**Data for review:**

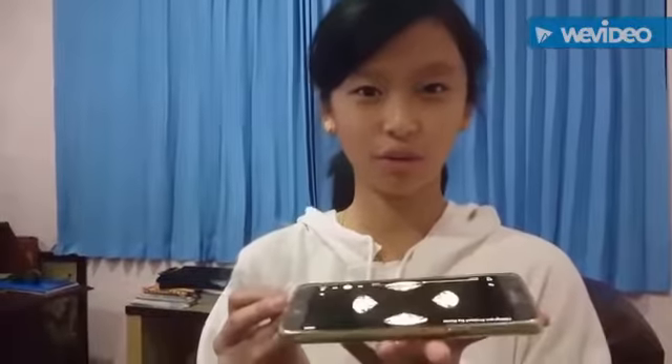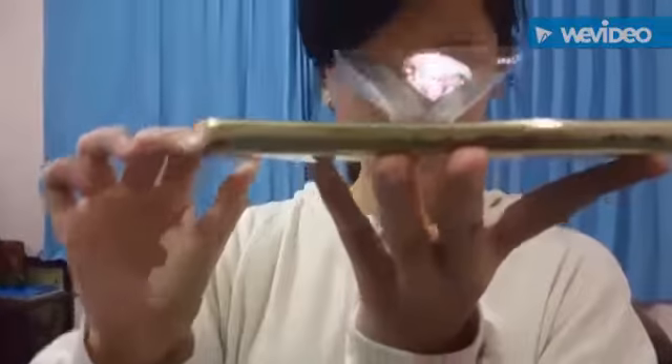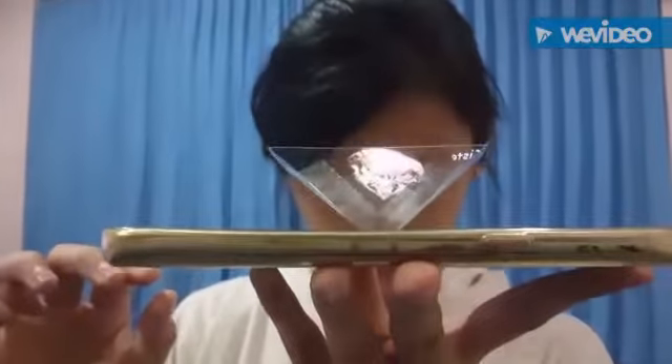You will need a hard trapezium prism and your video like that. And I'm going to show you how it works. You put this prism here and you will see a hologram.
...
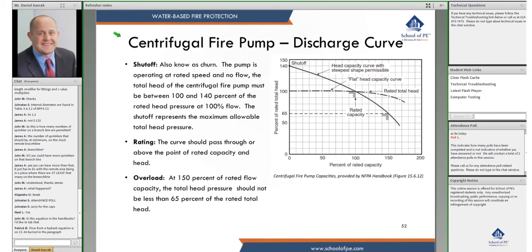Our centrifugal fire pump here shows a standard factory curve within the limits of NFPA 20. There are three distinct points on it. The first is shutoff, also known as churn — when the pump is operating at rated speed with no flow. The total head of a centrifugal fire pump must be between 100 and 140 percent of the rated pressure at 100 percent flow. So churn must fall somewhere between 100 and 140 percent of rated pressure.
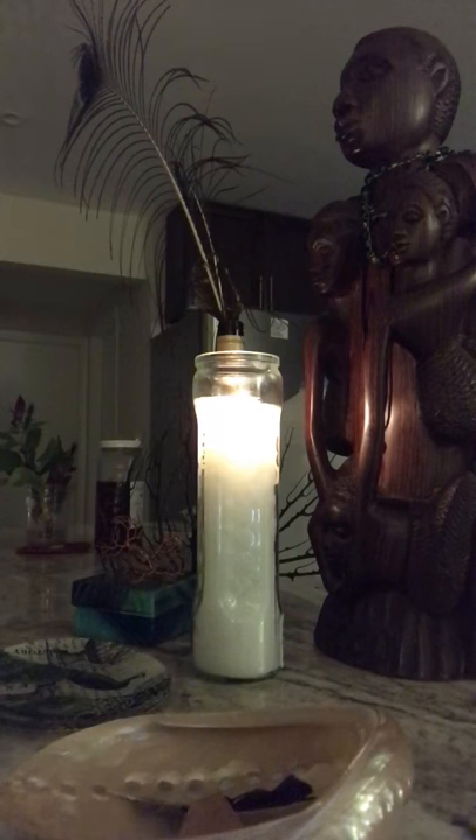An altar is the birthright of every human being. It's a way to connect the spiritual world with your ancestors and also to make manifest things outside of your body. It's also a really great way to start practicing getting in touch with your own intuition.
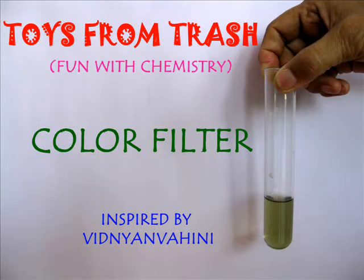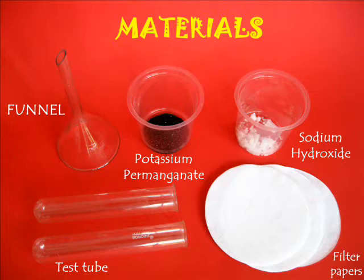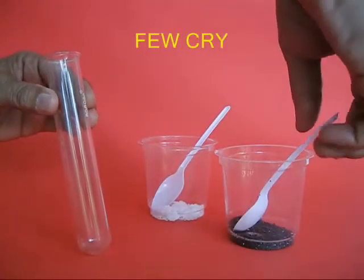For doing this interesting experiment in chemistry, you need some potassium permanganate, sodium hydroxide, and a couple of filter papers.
* * *
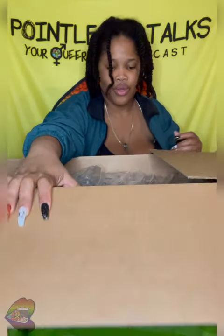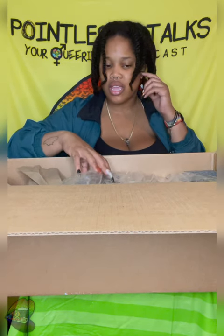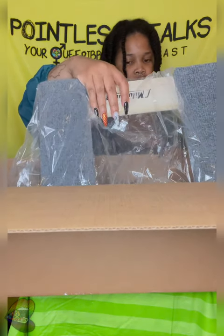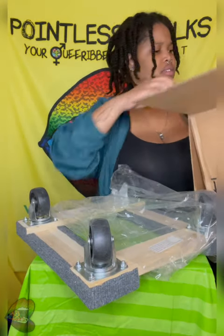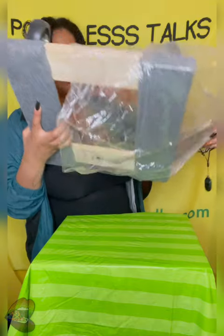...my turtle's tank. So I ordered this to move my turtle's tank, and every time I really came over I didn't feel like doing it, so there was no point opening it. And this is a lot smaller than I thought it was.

**What you are asked to do:** Copy exactly the material above from the line with "An altar is" to the line with "For doing this", ends included, and nothing else. Leave out any picture.

**Task response:**
An altar is the birthright of every human being. It's a way to connect the spiritual world with your ancestors and also to make manifest things outside of your body. It's also a really great way to start practicing getting in touch with your own intuition.
For doing this interesting experiment in chemistry, you need some potassium permanganate, sodium hydroxide, and a couple of filter papers.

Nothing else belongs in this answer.